The most commonly used model animals in medical research are rodents, and the mouse genome is similar to that of humans and is easy to manipulate (45).
OS becomes more common with age and is associated with muscle weakness, disability, falls and fractures, and increased morbidity and mortality (46–50). Therefore, most of the old rats or prematurely aged rats are used for model preparation, and 3-6 months old rats are currently considered by researchers as the best period to observe bone microstructural changes after de-ovulation, and are a more ideal experimental animal model to study postmenopausal osteoporosis (51). However, some studies have shown that rhesus monkeys are the best model for human sarcopenia. Unlike rodents, where significant muscle mass loss occurs quickly later in life (52), the kinetics of sarcopenia in rhesus monkeys match those of humans, with onset in middle age and gradual reduction thereafter. The reduction in muscle fiber cross-sectional area significantly contributes to muscle mass loss and an age-dependent increase in muscle fibers with mitochondrial enzyme abnormalities due to mitochondrial DNA deletion mutations has been observed (45, 53). In addition, skeletal muscle accounts for a greater proportion of total body weight in primates compared to rodents and is a huge consumer of energy expenditure.

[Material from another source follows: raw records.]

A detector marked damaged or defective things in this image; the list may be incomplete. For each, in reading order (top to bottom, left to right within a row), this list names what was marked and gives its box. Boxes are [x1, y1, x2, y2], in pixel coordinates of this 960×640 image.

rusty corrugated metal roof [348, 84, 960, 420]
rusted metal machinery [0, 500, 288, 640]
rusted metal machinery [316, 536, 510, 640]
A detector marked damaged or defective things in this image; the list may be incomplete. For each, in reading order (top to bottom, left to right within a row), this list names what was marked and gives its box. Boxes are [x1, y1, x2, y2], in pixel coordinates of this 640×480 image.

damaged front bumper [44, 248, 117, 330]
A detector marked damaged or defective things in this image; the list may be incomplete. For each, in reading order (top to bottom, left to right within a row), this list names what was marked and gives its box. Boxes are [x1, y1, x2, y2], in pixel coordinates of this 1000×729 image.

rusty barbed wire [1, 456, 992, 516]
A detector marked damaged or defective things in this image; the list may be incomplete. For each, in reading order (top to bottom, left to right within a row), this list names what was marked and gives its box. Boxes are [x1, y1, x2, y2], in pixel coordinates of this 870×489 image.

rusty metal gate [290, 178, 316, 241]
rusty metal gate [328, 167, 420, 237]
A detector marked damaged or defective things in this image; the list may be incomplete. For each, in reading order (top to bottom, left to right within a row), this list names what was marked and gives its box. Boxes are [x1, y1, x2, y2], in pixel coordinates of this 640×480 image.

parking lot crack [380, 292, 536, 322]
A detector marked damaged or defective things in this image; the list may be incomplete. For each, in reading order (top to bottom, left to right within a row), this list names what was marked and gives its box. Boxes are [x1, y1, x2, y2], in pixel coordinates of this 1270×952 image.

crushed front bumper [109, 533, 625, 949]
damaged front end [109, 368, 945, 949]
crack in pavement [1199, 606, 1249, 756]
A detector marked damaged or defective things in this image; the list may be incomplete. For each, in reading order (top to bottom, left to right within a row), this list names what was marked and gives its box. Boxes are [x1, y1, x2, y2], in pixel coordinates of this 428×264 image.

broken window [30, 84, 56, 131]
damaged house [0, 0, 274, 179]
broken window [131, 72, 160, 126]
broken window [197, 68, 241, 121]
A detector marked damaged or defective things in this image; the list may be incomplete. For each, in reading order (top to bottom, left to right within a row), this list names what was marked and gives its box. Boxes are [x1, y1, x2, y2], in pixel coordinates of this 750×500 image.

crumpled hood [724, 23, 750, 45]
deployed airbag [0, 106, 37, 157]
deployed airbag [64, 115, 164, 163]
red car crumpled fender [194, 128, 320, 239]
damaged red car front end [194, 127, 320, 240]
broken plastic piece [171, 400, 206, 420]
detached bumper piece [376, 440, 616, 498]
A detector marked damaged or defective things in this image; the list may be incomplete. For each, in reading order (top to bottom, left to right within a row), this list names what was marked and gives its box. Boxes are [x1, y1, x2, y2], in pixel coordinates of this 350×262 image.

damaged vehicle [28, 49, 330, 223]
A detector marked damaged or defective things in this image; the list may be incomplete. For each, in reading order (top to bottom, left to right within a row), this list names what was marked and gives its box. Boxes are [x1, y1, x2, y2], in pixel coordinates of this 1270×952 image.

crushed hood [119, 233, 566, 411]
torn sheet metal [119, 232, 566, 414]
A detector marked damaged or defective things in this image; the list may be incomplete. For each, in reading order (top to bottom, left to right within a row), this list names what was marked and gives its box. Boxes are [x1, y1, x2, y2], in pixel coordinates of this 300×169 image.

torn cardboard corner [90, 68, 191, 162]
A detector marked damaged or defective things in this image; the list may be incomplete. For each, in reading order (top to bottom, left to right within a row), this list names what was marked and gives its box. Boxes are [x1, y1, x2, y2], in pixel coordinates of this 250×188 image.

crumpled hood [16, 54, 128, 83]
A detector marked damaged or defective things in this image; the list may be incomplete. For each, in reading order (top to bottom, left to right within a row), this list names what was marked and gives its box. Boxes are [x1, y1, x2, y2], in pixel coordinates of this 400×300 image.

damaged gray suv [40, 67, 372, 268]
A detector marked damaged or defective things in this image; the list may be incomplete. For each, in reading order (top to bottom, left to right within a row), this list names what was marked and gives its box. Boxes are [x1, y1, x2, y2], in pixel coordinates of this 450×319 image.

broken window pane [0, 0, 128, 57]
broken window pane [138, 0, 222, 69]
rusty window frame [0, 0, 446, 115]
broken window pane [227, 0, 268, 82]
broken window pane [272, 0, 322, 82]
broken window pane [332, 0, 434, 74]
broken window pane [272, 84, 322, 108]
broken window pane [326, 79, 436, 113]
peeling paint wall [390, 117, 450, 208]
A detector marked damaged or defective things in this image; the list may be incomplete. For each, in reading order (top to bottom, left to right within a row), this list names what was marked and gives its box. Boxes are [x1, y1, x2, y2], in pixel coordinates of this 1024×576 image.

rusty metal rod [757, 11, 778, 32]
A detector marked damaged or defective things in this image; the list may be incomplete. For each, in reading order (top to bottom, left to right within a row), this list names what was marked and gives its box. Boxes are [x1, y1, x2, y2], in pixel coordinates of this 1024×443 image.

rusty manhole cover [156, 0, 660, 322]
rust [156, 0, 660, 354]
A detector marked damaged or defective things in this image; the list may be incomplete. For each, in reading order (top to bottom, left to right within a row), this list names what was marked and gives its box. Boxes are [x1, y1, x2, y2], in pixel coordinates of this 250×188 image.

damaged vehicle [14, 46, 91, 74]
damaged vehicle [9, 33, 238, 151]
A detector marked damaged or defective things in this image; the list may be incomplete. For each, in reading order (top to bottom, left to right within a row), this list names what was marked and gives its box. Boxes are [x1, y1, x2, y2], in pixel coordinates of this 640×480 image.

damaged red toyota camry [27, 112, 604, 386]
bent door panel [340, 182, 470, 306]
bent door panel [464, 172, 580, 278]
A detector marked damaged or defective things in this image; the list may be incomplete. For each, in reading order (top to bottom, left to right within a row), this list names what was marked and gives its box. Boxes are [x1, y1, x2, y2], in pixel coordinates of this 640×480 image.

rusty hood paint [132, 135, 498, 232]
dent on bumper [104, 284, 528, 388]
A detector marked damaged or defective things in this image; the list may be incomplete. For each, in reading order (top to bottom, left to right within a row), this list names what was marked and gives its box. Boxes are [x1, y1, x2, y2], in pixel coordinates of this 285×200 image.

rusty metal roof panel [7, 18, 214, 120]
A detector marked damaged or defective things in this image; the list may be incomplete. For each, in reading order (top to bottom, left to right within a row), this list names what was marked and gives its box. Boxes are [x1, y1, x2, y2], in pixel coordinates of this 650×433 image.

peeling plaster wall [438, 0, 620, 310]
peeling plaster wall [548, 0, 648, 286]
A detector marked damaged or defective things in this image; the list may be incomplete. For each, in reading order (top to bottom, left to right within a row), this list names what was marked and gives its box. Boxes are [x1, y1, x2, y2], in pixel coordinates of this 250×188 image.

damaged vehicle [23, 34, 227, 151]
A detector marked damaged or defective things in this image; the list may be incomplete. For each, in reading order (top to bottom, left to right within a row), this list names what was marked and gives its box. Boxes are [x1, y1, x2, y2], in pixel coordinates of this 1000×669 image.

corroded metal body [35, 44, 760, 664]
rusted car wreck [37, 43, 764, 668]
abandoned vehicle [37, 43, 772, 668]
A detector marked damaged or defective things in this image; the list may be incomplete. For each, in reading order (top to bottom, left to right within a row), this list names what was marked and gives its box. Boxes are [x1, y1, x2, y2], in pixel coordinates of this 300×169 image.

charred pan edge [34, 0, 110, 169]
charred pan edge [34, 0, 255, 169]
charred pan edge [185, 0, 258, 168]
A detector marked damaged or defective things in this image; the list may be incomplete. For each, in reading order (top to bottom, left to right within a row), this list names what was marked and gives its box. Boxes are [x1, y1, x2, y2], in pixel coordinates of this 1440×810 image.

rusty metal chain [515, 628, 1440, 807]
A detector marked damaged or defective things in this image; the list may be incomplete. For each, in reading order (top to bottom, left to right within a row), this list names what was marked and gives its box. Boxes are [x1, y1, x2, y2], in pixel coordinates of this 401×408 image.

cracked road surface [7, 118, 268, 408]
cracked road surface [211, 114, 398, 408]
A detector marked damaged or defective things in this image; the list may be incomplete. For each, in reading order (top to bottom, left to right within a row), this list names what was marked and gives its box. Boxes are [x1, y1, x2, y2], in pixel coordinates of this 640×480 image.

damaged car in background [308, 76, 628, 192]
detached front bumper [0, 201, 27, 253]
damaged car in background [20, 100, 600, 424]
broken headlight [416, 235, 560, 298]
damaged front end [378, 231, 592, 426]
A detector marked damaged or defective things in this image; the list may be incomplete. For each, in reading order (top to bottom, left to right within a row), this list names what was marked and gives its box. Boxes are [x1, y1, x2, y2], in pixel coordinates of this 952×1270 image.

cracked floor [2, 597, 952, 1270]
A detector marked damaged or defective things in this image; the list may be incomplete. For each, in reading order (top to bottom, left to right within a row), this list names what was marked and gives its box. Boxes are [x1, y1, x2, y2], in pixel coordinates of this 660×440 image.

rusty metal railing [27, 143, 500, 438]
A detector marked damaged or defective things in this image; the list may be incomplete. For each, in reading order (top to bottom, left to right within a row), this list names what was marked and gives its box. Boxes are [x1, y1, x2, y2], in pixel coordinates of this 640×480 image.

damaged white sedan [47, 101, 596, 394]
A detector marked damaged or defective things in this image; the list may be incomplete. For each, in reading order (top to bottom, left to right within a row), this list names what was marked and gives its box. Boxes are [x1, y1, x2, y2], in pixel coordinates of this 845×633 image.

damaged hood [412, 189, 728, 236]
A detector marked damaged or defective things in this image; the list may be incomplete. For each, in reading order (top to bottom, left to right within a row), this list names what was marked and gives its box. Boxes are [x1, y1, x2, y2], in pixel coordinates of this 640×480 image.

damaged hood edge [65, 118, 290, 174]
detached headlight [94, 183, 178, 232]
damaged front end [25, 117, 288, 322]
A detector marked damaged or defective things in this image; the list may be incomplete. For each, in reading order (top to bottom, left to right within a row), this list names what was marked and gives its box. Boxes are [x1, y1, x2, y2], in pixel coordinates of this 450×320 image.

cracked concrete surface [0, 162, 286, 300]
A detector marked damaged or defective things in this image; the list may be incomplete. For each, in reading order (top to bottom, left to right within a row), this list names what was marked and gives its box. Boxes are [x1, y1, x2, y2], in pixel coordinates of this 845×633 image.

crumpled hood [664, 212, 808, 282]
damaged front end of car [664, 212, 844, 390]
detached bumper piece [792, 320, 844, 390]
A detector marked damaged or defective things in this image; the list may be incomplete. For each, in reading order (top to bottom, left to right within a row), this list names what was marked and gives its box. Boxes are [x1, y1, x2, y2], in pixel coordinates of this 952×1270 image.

4.2 Indicators for the evaluation of OS
Most of the evaluation indices of animal models of OS are analyzed and evaluated from both muscle and bone aspects together, whereas animal models of sarcopenia are tested at muscle mass, muscle strength and cellular level. Muscle mass can be responded by radiography (CT, MRI), electromyography; muscle strength is most commonly tested by the test of limb grip strength, and at the molecular biology level, the general test of myogenic cell proliferation or myotubular formation speed methods.
The assessment of osteoporosis in skeletal tissue can be accomplished through multiple approaches. Measuring bone mineral density is a direct and easily observable method to verify if the index is in line with osteoporosis diagnosis. Alternatively, Micro-CT analysis can be conducted to further examine bone morphology. Lastly, the application of HE staining can facilitate an observation of the condition of bone cells and the microstructure of bone trabeculae following the material extraction.
4.3The most commonly used and proven models
Combining the above methods of preparing models, the author believes that the most commonly used and proven methods in preparing OS are the aging model and the chemical drug injection model.
The following is a more detailed analysis:
①Pathological Characteristics Simulation: Aging Model and Chemical Injection Model are two effective methods for simulating pathological features. The Aging Model mimics the natural ageing process in humans and accurately simulates the pathological features of sarcopenia and osteoporosis, resulting in study findings that are consistent with real disease. The Chemical Injection Model, on the other hand, uses specific drugs such as hormone inhibitors to accurately simulate the features of muscle loss and osteoporosis in model animals, leading to similar pathological manifestations.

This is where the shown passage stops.